WORK INSTRUCTION
Output the run of lines that opens with the first line of the material below and closes with the line containing "The organs are", both included, and drop the pictures.

TASK MATERIAL
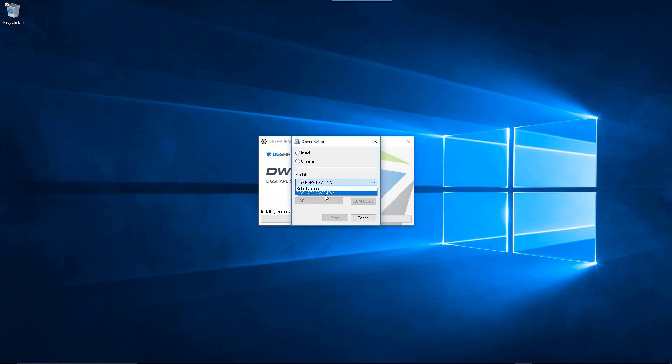Once the driver setup window appears, select the Install button. Then select the DGShape DWX-42W option from the Model menu. Leave the port setting on USB and click Start to launch the InstallShield wizard.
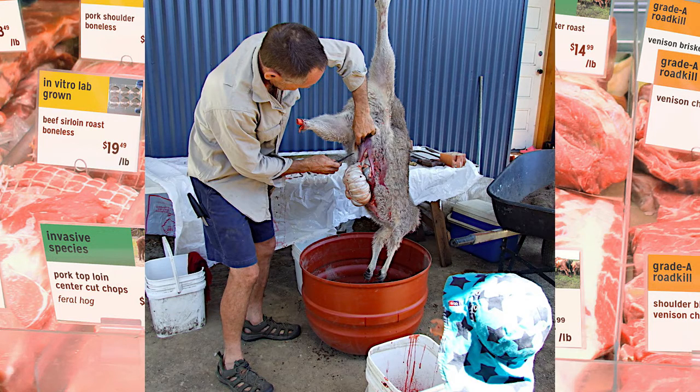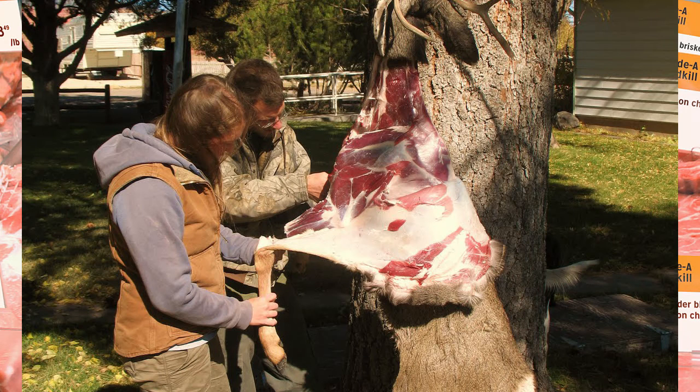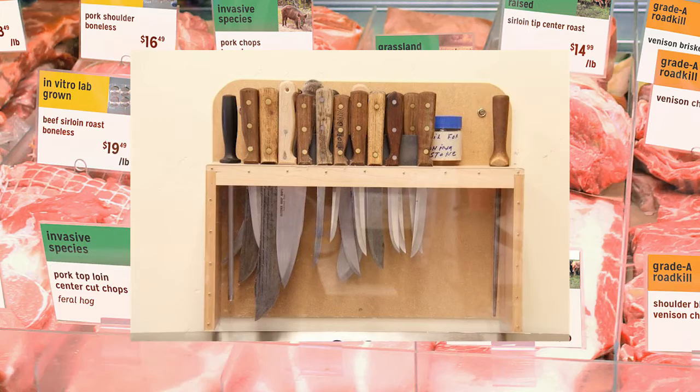The organs are often just thrown away, but the heart and liver are often eaten. Organs spoil quickly, so do not eat them unless the meat is absolutely fresh.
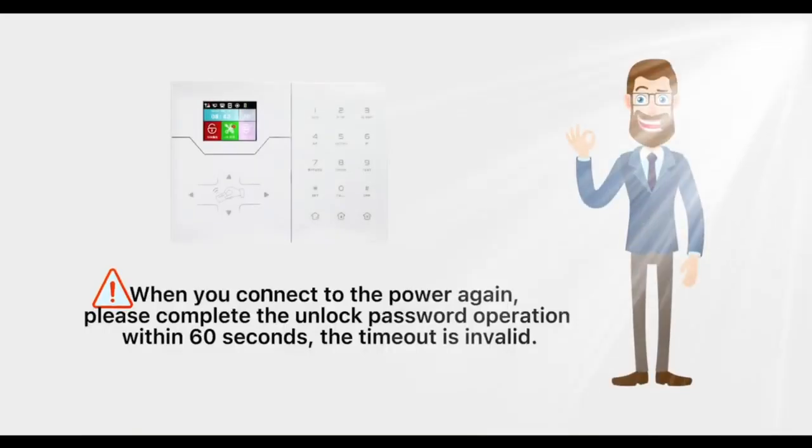When you reconnect the power, please complete the unlock password operation within 60 seconds. The timeout is an invalid operation.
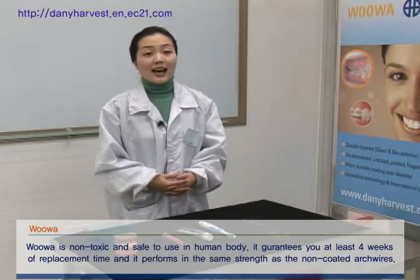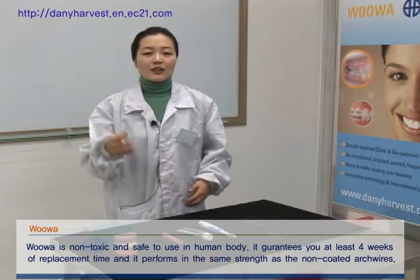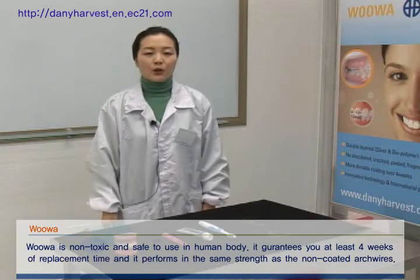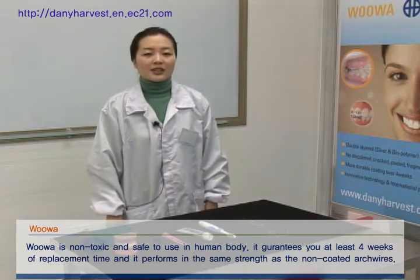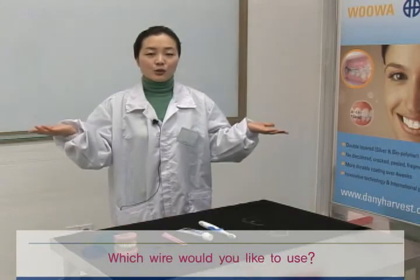UWA is non-toxic and safe to use in the human body. It guarantees you at least four weeks of replacement time and performs with the same strength as non-coated archwires. Which wire would you like to use?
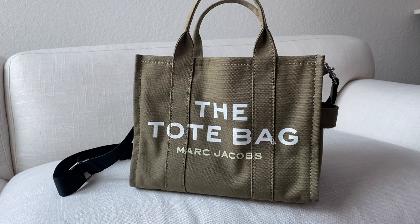Hello everyone, it's Ava Shoshana. Today I have a video on this Marc Jacobs tote bag that I've been using for the past couple months. I'm going to go through the style and the color, the dimensions, and what actually fits in this bag. So if you're interested, stick around.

EXERCISE SOLUTION
Once the driver setup window appears, select the Install button. Then select the DGShape DWX-42W option from the Model menu. Leave the port setting on USB and click Start to launch the InstallShield wizard.
The organs are often just thrown away, but the heart and liver are often eaten. Organs spoil quickly, so do not eat them unless the meat is absolutely fresh.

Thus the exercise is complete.